A week of rain suddenly burst into a sunlit landscape as workers gathered their tools that morning. They built picnic tables and benches, constructed bridges, cleared trails in the woods, and demolished cattle feed areas in the barns to prepare the land for construction.
Seneca Lake, located 30 miles from Hill Cumorah where Joseph Smith was given the plates for translation into the Book of Mormon, is a beautiful pastoral area that is steeped in Church history. Located a short distance from the Peter Whitmer farm in Fayette, N.Y., where the Church was organized in 1830, Seneca Lake became a site for early baptisms, including the baptism of the Prophet's father, Joseph Smith Sr.
When completed in the summer of 2005, the Young Women camp will offer Church members an opportunity for outdoor activities and contemplation.
"A few years ago, we realized that the young women in the Rochester and surrounding stakes were badly in need of their own place for a camp," said Elder Neil Pitts, newly called Area Authority Seventy.
The girls had been renting space at Boy Scout camps, and were often unable to schedule the weeks they preferred.

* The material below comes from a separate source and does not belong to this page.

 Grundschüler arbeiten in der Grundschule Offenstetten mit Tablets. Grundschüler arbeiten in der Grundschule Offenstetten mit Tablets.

After several years of dreaming, planning, praying and searching, leaders in local stakes found a spectacular 200-acre farm with lakefront property for sale.
Rising above the east shore of Seneca Lake, the property has two homes, three barns, five silos, a little cottage on the lake, and a dock boat house, "all in pristine condition," Elder Pitts observed.
Historically, Seneca Lake was one of the cleanest, and most reflective of the 11 finger lakes in the region.
"The property met our needs because we wanted not only land, but also water for swimming, canoeing and boating," said Elder Pitts.
In the open fields, rustic cabins will be built with bunk beds on four pods or camping sites scattered throughout the area. Each pod will have names taken from the Book of Mormon. The cabins will house 200 young women and adults.
There will also be a pavilion, a first-aid station, an amphitheater, rest rooms and showers.
A gentle flowing creek has carved a deep ravine suitable for rappelling. In the wooded areas, a forester has begun to shape trails.
Elder Pitts commented that the seven stakes of Rochester, Palmyra, Syracuse, Buffalo, Owego, Utica and Albany have agreed to maintain the property.
Echoing the feelings of others, Gabby Weese, 14, from Brookport, N.Y., said, "I'm definitely coming back when the camp opens. Attending will give me a feeling of accomplishment."